If a private equity firm can buy a company, squeeze more profit for investors at the expense of workers’ jobs, then in the name of efficiency that’s perfectly legal and moral in Cantor’s world. For example, if a Wall Street mogul could somehow take a company like Lincoln Electric which guarantees employment for workers in return for meritocratic piece-work wages, that would be just because it would be legal. We are a nation of laws, and just because the law favors the rich and powerful over the little guy, that’s just fine.
So long as Cantor sings “No New Taxes” for the upper 2% of incomes in America, you can bet that not much will change in terms of relative opportunity in America. The divide between rich and poor will continue to mirror the divide in opportunity access for rich and poor as well. The only means available for the redistribution of wealth and therefore opportunity in America is taxation. Industry has proven, by and large, not to be interested in providing the tools by which opportunity may spread across the classes in America. Therefore, only government will. May it do so now by providing funds for retooling the American workforce through grants to community colleges and technical schools utilizing income from increased taxes on the very rich.

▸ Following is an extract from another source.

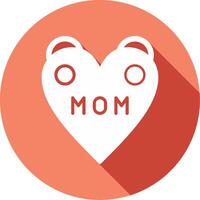 Mothers Day Vector Icon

We cannot afford to preserve the status quo that enables the rich to become richer and the less fortunate to stagnate. The Republican principles that they hold so dear are killing this culture slowly but surely. Like Alfred Doolittle, we cannot afford the principles of privilege and never could. We have a new generation of Robber Barons who hide on Wall Street and manipulate the markets to their benefit at the expense of the masses. If that is legal, it sure isn’t justice.